Becking knows full well how life-giving those sessions have been, and she’s come to trust Barnes as a friend and confidant, a result of her trainer proving to be more than simply a professional who is paid to focus on physical health.

The trust flows both ways. “We keep each other in check when it comes to our life goals beyond the physical stuff,” Barnes says. “She knows what my goals are for myself and just as I’m asking her questions, she’ll ask me if I’ve followed through on important things. You can’t spend time with someone on this type of journey without having that relationship and that connection. It has to be there. Otherwise, I don’t know if everyone can achieve what they need to.”

Lindsey Stinson and Nicholas Golda

Dr. Nicholas Golda made the decision to prioritize his own health early in his career — very early, in fact. “After my residency training, I became heavier than I needed to be,” he says. “I saw my primary care doctor and it was the first time in my life someone looked at me and said, ‘You need to lose weight.’”

Golda didn’t rush to find a personal trainer.
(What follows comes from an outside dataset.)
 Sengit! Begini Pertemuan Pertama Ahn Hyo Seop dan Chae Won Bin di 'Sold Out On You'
He’s a dermatology surgeon specializing in facial reconstruction related to skin cancer, and he always felt too busy to seek out the right person to help him.
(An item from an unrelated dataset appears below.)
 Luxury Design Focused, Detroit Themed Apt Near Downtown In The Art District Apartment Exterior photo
Fortunately, he came across Lindsey Stinson. “She trained my wife for a long time before training me,” Golda says. “I would lift weights at home and my wife would train with Lindsey.” Seeing the health results Stinson produced in his wife, Stephanie, led Golda to join their workouts and put his confidence in Stinson. “I was positive about the process in advance because of my wife’s positive experiences,” he says. “I knew Lindsey wasn’t going to sell me a bill of goods. The motivation was strictly health.”

“It was an easy transition when Nick started working out with his wife,” Stinson recalls, “because he was wanting change. He was willing, and he was ready.”
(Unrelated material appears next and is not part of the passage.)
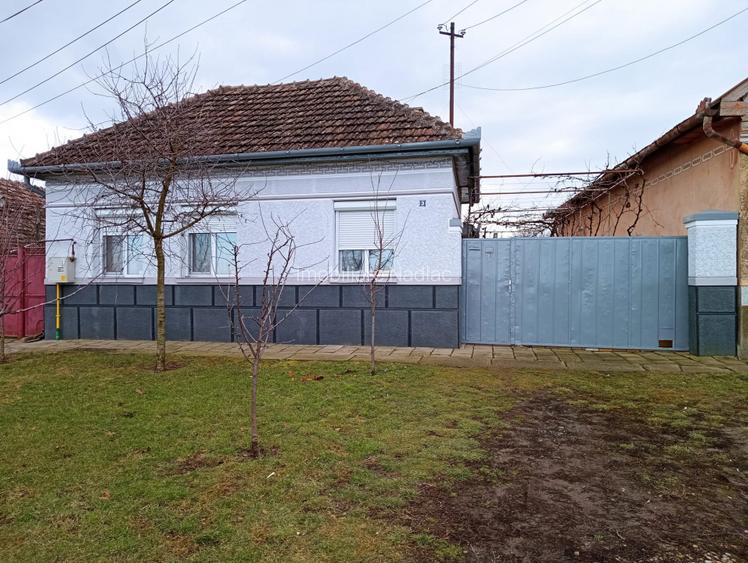 Casa renovata 4 camere in Nadlac - 16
When Stephanie took on a new job that conflicted with their workout day, Nick didn’t drop out. “My wife impressed upon me the importance of taking it seriously, both diet and exercise, and Lindsey does a good job of emphasizing how those two come together,” he says. “For me, it’s been quite a bit more about managing my diet and working out in a manner that’s smart.”

When they started working out together, Golda wasn’t eating enough. “He was not giving himself enough fuel to burn fat,” Stinson says. “He would not eat anything all day and just go crazy at night.” (Nick interjects a quiet confession: “I would eat my kid’s food too.”)

Golda isn’t on a diet plan now; he’s simply more mindful of when he eats, how much he eats, and no longer indulges in his children’s macaroni and cheese.

Stinson and Golda have devised workout plans to help him counter the physical demands of his job, where he has to stand and perform surgeries and make rounds to care for eight to 10 people. He’s had lower back issues and muscle strain, which he and Lindsey addressed by working together to strengthen his core.

Golda has extra motivation to work hard as well: there’s a history of heart disease in his family. He wants to see his two little girls grow up and have children of their own. “I want to be able to have useful life where I’m living full and active, doing things and engaging with my family and my friends for as long as possible,” he says.
Considering Golda lives in Pierpont and Stinson’s gym is in Hallsville (about a 30-minute drive), his commitment to keep working with Stinson speaks volumes about their shared dedication to his goals. “I give Nick the opportunity to Skype if he wants because of his busy schedule,” she says, “but he knows he works so much harder here and he makes it a point to come . . . the one thing I love about our relationship is I know he’s committed. He makes that effort and he realizes getting here is going to make him better in the long run.”

To Golda, it’s an ongoing investment of invaluable time. “I’ve seen the results,” he says. “There is no room to dispute this is time well spent. I’m accomplishing something with Lindsey I wouldn’t be able to provide for myself. This journey for me has been one where I focus on myself and I’ve got accountability and I see results. You can’t beat that.”